При этом я развязал кошелек и показал ему венецианские золотые: казалось, не только лицо имама, а весь просторный двор мечети озарился блеском этих монет. Он спросил, какое у меня дело.
Я объяснил, кто я. Сказал, что Эниште-эфенди болен. Он хочет, чтобы прежде, чем он умрет, было засвидетельствовано вдовство его дочери и ей было бы назначено содержание.
Имам-эфенди обещал пойти ко мне в свидетели и привести своего брата. Если один золотой я дам для брата, добавил он, это будет очень доброе дело.
Брат хорошо осведомлен о страданиях Шекюре и милых сирот. Мы договорились. Имам-эфенди отправился к брату.
Помощник кадия Ускюдара[48] выслушал свидетелей и строго спросил, кто является опекуном Шекюре. Я ответил, что опекун – ее уважаемый отец, бывший посол нашего падишаха в Венеции.
– Ну разведу я ее, и что?! – сказал помощник кадия. – Почему это умирающий так хочет видеть свою дочь разведенной с давно пропавшим без вести мужем? Вот если есть надежный человек, за которого дочь может выйти замуж, тогда я понимаю, он умрет спокойно.

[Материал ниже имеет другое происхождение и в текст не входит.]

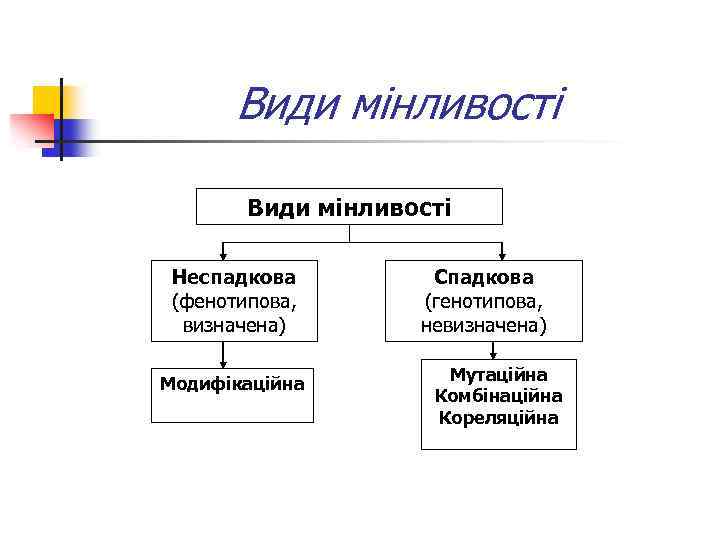 Види мінливості Неспадкова (фенотипова, визначена) Модифікаційна Спадкова (генотипова, невизначена) Мутаційна Комбінаційна Кореляційна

– Есть такой человек, – сказал я.
– Кто он?
– Это я!
– Это невозможно! Ты – доверенное лицо! Чем ты занимаешься?
– Я служил писцом и каллиграфом у пашей в восточных землях, был помощником по финансовой части. Я написал историю войн с персами, которую собираюсь преподнести падишаху. Я разбираюсь в миниатюре. Я двенадцать лет сгораю от любви к этой женщине.
– Ты ее родственник?
– Она дочь моей тети.
– Понятно. Ты сможешь сделать ее счастливой?
– Я достаточно обеспечен.
– Согласно Корану и верованиям шафиитов,[49] – объявил помощник кадия, – нет никаких препятствий к тому, чтобы развести несчастную Шекюре с мужем, отсутствующим четыре года. Шекюре считается разведенной, и даже, если муж вернется, он не будет иметь на нее прав.